Walking up the terraces was steep, but the view from the "Seven Stars Around the Moon" viewpoint was breathtaking. The paddies were filled with water, acting as thousands of mirrors reflecting the sky.

Here, the culture is dominated by the Zhuang and Yao ethnic minorities. I saw women with incredibly long hair (the Yao women only cut their hair once in their lives).

A Taste of the Mountains: Lunch was in a wooden stilt house. I tried Bamboo Tube Rice (sticky rice and meat roasted inside a fresh bamboo stalk over a fire) and Oil Tea (You Cha). Oil Tea is an acquired taste—it’s like a caffeinated soup made by pounding tea leaves with ginger, garlic, and spices, then boiled. It’s bitter, spicy, and incredibly energizing.

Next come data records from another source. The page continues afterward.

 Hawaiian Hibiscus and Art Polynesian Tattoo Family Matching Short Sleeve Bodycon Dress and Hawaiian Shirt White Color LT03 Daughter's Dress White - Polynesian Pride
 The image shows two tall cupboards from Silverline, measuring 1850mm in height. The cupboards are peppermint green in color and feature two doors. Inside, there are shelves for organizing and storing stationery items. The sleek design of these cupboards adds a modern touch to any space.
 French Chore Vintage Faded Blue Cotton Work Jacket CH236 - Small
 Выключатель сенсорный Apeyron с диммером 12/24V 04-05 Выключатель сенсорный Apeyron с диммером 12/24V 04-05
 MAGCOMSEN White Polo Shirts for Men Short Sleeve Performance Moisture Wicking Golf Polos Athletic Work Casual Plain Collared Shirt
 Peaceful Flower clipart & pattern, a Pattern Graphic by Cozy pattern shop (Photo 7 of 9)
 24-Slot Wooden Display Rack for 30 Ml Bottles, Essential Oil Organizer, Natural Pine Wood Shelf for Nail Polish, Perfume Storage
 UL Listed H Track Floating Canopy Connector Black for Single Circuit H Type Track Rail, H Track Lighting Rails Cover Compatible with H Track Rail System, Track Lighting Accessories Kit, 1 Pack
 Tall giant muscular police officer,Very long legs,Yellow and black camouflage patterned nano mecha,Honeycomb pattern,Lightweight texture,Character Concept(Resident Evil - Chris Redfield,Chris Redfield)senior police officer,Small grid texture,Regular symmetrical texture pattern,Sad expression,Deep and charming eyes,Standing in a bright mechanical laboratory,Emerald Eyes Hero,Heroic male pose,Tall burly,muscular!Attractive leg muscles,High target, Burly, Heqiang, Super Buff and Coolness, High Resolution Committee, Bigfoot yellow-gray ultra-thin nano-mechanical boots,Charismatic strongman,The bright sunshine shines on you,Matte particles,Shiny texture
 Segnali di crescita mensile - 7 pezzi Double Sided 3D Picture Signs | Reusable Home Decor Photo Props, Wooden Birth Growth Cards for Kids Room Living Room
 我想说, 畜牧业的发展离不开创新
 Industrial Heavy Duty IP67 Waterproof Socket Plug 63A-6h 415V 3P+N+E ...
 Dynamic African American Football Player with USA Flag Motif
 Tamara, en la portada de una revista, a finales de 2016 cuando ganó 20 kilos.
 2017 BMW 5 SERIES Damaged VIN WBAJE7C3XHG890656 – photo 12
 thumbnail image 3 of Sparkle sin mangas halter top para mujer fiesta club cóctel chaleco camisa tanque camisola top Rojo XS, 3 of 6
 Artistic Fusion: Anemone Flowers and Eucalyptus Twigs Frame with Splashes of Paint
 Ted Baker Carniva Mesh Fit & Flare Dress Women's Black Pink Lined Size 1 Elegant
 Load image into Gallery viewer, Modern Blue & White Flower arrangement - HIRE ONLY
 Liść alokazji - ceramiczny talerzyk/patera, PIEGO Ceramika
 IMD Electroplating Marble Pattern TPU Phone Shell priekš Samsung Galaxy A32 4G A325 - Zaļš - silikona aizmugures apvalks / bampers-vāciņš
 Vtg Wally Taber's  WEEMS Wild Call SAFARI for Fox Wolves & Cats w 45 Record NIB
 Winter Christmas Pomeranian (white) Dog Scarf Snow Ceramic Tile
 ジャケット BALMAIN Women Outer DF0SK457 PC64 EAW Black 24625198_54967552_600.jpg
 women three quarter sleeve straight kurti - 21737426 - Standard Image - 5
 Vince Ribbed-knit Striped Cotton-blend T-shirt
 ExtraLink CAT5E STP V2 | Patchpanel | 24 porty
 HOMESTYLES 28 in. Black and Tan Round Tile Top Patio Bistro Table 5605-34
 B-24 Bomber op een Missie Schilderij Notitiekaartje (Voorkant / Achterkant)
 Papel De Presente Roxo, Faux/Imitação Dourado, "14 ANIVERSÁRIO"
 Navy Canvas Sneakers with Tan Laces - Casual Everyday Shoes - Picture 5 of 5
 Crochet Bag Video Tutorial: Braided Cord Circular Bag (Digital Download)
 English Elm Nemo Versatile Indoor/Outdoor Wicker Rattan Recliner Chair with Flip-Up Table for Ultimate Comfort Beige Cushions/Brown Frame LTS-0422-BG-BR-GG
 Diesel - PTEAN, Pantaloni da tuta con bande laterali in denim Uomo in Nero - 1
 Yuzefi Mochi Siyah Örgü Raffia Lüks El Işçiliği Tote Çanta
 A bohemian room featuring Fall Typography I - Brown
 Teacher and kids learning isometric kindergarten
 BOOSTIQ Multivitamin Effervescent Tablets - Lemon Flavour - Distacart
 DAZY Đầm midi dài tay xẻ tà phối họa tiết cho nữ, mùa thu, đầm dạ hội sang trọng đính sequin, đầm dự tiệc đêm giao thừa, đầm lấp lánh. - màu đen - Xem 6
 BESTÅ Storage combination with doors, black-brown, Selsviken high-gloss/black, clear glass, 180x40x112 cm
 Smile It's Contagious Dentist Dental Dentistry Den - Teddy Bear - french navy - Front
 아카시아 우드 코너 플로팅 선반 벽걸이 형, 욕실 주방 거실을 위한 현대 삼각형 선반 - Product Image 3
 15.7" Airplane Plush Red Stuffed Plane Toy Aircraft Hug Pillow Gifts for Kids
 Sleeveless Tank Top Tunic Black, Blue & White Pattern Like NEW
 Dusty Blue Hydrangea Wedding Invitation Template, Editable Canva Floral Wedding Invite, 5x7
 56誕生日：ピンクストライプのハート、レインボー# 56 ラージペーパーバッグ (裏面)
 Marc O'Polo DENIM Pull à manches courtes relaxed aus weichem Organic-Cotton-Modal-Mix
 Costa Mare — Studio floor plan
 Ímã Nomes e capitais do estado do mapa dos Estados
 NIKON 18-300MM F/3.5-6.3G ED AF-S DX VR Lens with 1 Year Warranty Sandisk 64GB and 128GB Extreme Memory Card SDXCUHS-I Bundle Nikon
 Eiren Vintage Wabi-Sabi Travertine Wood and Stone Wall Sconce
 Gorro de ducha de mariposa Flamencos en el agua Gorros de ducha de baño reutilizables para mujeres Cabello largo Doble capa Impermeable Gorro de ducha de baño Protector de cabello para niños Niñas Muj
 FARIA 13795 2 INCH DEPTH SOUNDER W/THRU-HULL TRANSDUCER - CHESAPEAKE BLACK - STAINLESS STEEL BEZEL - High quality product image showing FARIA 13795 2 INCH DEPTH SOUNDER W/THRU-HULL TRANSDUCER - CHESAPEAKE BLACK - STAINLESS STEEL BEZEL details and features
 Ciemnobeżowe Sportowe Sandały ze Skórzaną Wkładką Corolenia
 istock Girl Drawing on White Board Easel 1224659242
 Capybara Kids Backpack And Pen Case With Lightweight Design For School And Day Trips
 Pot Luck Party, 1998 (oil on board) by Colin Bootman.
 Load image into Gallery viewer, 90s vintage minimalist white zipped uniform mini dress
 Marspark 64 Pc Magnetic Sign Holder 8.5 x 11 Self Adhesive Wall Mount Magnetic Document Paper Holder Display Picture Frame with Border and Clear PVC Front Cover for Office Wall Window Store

The locals say, "One cup is bitter, two are astringent, three are sweet." It warmed me to the bone.

Reflections of a Taste Bud Guide

As I packed my bags to leave, bringing home boxes of Guilin Cakes and vacuum-packed Zongzi (sticky rice dumplings), I reflected on this trip.

Guilin is not just a destination; it is a mood. It is the spiciness of the snails sucked out of the shell at a street stall. It is the freshness of the air while cycling along the Yulong River. It is the awe of seeing a mountain reflected in the water so perfectly that the world seems upside down.

Whether you spend 3 days or a week here, Guilin slows down time. It invites you to stop, look, and taste.

My Recommended Itinerary Summary:

  • Duration: 5-6 Days
  • Day 1: Arrive in Guilin, City Center, Rice Noodles.
  • Day 2: Jingjiang Princes' City, Elephant Trunk Hill, Two Rivers Four Lakes Night Cruise.
  • Day 3: Li River Cruise (Guilin to Yangshuo), West Street Nightlife (Beer Fish).
  • Day 4: Yangshuo countryside (Yulong River, Ten-Mile Gallery), Silver Cave, Impression Liu Sanjie.
  • Day 5: Day trip to Longji Rice Terraces (Bamboo Rice & Oil Tea).
  • Day 6: Souvenir shopping and Departure.

Come to Guilin. The mountains are waiting, the water is flowing, and the rice noodles are hot.